Izesuq Kilistoq: “Deste modo, só quando uma coisa é tomada do exterior como alimento adquire a propriedade de veneno, que antes era em si e para si mesmo uma coisa natural”.

Godard: A la télévision, on a inventé le téléspectateur avant les programmes. Des gens comme Welles, comme Pialat, comme moi, nous sommes des naufragés.

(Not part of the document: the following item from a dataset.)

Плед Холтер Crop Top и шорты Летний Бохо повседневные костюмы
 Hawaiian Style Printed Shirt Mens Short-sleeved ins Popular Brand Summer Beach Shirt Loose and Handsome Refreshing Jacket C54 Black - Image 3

Izesuq Kilistoq: Se o Terceiro Mundo tivesse morrido mesmo não haveria a guerra, não se abateria sobre nós a miséria, não nos expulsariam da Europa. É preciso que a guerra exista, que nós conheçamos a sua existência. Ela é feita para nós, para o nosso deleite. O papel do escravo ainda é fundamental na economia da coisa, apesar de banido das essências, da universalidade do humanismo. Para nós, mas qual é mesmo a nossa culpa, a culpa da nossa incapacidade? Quero dizer que eu (posso dizer, eu, o terceiro mundo?) não entendo nada de seus filmes, cheios de citações bárbaras, incompreensíveis, não é mesmo? O que me interessa neles é não a “técnica”, mas o balbuciar de algo em alerta ainda, certa atividade do virtuose, que não é a atividade em si mas uma de suas partes, e que procuro em tudo aquilo tomado por genial nesta terra, que usufruo enfim num lance de gozo muito mais do que no de uma reflexão total. Acumulo os dados dessa “estética” de pontos – em última instância ela me lança novamente sobre o abismo: o cinema americano. Posso entender esse negócio de naufrágio mas não a derrota – porque nós já estamos adaptados ao medo e ao terror da cultura universal. Na verdade, eu entendo mas acho tudo muito engraçado. Será possível um campo do absurdo – e a troco do quê? Como se não desconfiássemos que tudo isso, as histórias, as formas de controle do passado, significam apenas o medo e o terror da grande História. A vida deve se ocultar por detrás disto porque ela importa mais do que a morte – e a história é a linguagem da morte. Há um odor imperceptível de morte nesses jornais, no cheiro de benzeno, no reumatismo dos digitadores, nas acusações feitas aos outros, nos registros dos fatos dos outros. Devemos, nós também, morrer para então encontrar os verdadeiros valores. A guerra não significa justamente este ponto?: o Financial Times fala a nosso respeito, na medida que é impossível falarmos, em si e para si, do Financial Times. Para onde vai o cinema do Terceiro Mundo?

Gepeto: J’attends la fin du cinéma avec optimisme. Le muet c’était la découverte du montage. Le cinéma n’est pas de la photo en mouvement mais trois photos à juger, à comparer. Je vais démontrer comme un scientifique: Eisenstein a fait ça et ça, et ça montre ça. Avec le cinéma parlant, il fallait cesser de voir, de penser, d’imaginer. Avec le muet, les gens ouvraient les yeux, ensemble. Tout le monde est à égalité devant l’image: le cinéma, ses yeux, à notre hauteur, moins tabous que le sexe, mais à recouvrir, puissants, à controler. Tous les grands du parlant sont muets. On prendra donc des exemples du muet et ce que c’est devenu à l’époque du parlant.